■ PROVIDED MATERIAL
◆ ◆ ◆ ◆
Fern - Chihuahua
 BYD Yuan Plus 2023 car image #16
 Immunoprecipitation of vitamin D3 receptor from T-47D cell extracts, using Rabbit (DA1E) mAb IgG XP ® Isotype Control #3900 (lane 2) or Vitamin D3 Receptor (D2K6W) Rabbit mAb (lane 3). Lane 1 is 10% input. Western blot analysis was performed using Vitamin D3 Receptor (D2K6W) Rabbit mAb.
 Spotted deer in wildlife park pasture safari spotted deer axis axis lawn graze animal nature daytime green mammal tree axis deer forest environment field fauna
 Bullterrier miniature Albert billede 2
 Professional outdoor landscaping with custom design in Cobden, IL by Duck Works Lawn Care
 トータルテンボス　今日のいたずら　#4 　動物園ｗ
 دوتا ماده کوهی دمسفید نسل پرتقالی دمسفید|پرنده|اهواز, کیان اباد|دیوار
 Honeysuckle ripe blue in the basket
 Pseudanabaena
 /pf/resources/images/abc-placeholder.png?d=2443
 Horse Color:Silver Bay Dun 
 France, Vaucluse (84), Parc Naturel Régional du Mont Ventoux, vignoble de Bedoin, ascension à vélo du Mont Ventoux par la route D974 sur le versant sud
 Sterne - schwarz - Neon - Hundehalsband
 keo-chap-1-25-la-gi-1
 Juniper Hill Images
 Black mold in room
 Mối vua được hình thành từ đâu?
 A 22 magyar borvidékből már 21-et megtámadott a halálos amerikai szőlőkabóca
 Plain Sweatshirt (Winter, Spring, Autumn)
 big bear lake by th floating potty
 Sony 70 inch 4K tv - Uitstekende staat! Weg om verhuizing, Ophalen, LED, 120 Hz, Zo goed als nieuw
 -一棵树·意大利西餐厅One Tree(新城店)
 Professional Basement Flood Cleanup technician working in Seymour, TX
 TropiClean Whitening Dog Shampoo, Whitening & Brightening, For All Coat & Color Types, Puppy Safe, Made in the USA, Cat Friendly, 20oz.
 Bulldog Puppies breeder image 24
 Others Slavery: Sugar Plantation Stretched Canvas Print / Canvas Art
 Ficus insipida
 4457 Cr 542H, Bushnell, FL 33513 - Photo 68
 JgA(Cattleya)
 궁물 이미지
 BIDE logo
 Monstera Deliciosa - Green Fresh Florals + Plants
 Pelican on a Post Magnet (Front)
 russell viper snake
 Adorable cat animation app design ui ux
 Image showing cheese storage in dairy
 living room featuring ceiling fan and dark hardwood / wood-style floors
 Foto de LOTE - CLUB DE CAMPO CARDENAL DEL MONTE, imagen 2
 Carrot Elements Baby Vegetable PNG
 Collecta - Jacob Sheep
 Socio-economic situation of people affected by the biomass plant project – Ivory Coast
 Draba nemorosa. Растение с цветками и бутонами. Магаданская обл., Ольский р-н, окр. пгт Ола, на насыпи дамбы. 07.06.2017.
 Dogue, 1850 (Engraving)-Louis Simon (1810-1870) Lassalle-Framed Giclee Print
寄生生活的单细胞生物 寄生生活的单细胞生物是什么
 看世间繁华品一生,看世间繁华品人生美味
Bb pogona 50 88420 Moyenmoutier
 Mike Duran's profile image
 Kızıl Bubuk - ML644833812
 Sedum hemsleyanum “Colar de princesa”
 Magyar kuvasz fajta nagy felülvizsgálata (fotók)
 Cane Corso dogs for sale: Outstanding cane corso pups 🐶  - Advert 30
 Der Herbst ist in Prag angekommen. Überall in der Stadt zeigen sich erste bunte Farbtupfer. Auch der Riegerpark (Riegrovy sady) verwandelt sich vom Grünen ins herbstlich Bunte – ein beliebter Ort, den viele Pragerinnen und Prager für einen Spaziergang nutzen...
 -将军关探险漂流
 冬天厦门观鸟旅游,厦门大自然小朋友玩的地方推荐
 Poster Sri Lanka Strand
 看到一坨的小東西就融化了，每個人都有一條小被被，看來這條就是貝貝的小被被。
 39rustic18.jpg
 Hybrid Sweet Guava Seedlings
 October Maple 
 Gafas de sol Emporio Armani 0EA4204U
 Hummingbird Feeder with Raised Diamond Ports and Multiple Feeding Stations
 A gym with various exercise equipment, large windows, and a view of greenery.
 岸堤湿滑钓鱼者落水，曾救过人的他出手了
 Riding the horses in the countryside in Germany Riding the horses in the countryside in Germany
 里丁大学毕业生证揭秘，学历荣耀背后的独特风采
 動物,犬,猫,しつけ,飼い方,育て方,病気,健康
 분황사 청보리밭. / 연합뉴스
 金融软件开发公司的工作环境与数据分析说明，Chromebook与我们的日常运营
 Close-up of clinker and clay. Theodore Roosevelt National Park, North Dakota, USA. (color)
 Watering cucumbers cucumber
◆ ◆ ◆ ◆
■ TASK DETAILS
The answer is the full set of records above, repeated exactly.

■ EXERCISE RESULT
Fern - Chihuahua
 BYD Yuan Plus 2023 car image #16
 Immunoprecipitation of vitamin D3 receptor from T-47D cell extracts, using Rabbit (DA1E) mAb IgG XP ® Isotype Control #3900 (lane 2) or Vitamin D3 Receptor (D2K6W) Rabbit mAb (lane 3). Lane 1 is 10% input. Western blot analysis was performed using Vitamin D3 Receptor (D2K6W) Rabbit mAb.
 Spotted deer in wildlife park pasture safari spotted deer axis axis lawn graze animal nature daytime green mammal tree axis deer forest environment field fauna
 Bullterrier miniature Albert billede 2
 Professional outdoor landscaping with custom design in Cobden, IL by Duck Works Lawn Care
 トータルテンボス　今日のいたずら　#4 　動物園ｗ
 دوتا ماده کوهی دمسفید نسل پرتقالی دمسفید|پرنده|اهواز, کیان اباد|دیوار
 Honeysuckle ripe blue in the basket
 Pseudanabaena
 /pf/resources/images/abc-placeholder.png?d=2443
 Horse Color:Silver Bay Dun 
 France, Vaucluse (84), Parc Naturel Régional du Mont Ventoux, vignoble de Bedoin, ascension à vélo du Mont Ventoux par la route D974 sur le versant sud
 Sterne - schwarz - Neon - Hundehalsband
 keo-chap-1-25-la-gi-1
 Juniper Hill Images
 Black mold in room
 Mối vua được hình thành từ đâu?
 A 22 magyar borvidékből már 21-et megtámadott a halálos amerikai szőlőkabóca
 Plain Sweatshirt (Winter, Spring, Autumn)
 big bear lake by th floating potty
 Sony 70 inch 4K tv - Uitstekende staat! Weg om verhuizing, Ophalen, LED, 120 Hz, Zo goed als nieuw
 -一棵树·意大利西餐厅One Tree(新城店)
 Professional Basement Flood Cleanup technician working in Seymour, TX
 TropiClean Whitening Dog Shampoo, Whitening & Brightening, For All Coat & Color Types, Puppy Safe, Made in the USA, Cat Friendly, 20oz.
 Bulldog Puppies breeder image 24
 Others Slavery: Sugar Plantation Stretched Canvas Print / Canvas Art
 Ficus insipida
 4457 Cr 542H, Bushnell, FL 33513 - Photo 68
 JgA(Cattleya)
 궁물 이미지
 BIDE logo
 Monstera Deliciosa - Green Fresh Florals + Plants
 Pelican on a Post Magnet (Front)
 russell viper snake
 Adorable cat animation app design ui ux
 Image showing cheese storage in dairy
 living room featuring ceiling fan and dark hardwood / wood-style floors
 Foto de LOTE - CLUB DE CAMPO CARDENAL DEL MONTE, imagen 2
 Carrot Elements Baby Vegetable PNG
 Collecta - Jacob Sheep
 Socio-economic situation of people affected by the biomass plant project – Ivory Coast
 Draba nemorosa. Растение с цветками и бутонами. Магаданская обл., Ольский р-н, окр. пгт Ола, на насыпи дамбы. 07.06.2017.
 Dogue, 1850 (Engraving)-Louis Simon (1810-1870) Lassalle-Framed Giclee Print
寄生生活的单细胞生物 寄生生活的单细胞生物是什么
 看世间繁华品一生,看世间繁华品人生美味
Bb pogona 50 88420 Moyenmoutier
 Mike Duran's profile image
 Kızıl Bubuk - ML644833812
 Sedum hemsleyanum “Colar de princesa”
 Magyar kuvasz fajta nagy felülvizsgálata (fotók)
 Cane Corso dogs for sale: Outstanding cane corso pups 🐶  - Advert 30
 Der Herbst ist in Prag angekommen. Überall in der Stadt zeigen sich erste bunte Farbtupfer. Auch der Riegerpark (Riegrovy sady) verwandelt sich vom Grünen ins herbstlich Bunte – ein beliebter Ort, den viele Pragerinnen und Prager für einen Spaziergang nutzen...
 -将军关探险漂流
 冬天厦门观鸟旅游,厦门大自然小朋友玩的地方推荐
 Poster Sri Lanka Strand
 看到一坨的小東西就融化了，每個人都有一條小被被，看來這條就是貝貝的小被被。
 39rustic18.jpg
 Hybrid Sweet Guava Seedlings
 October Maple 
 Gafas de sol Emporio Armani 0EA4204U
 Hummingbird Feeder with Raised Diamond Ports and Multiple Feeding Stations
 A gym with various exercise equipment, large windows, and a view of greenery.
 岸堤湿滑钓鱼者落水，曾救过人的他出手了
 Riding the horses in the countryside in Germany Riding the horses in the countryside in Germany
 里丁大学毕业生证揭秘，学历荣耀背后的独特风采
 動物,犬,猫,しつけ,飼い方,育て方,病気,健康
 분황사 청보리밭. / 연합뉴스
 金融软件开发公司的工作环境与数据分析说明，Chromebook与我们的日常运营
 Close-up of clinker and clay. Theodore Roosevelt National Park, North Dakota, USA. (color)
 Watering cucumbers cucumber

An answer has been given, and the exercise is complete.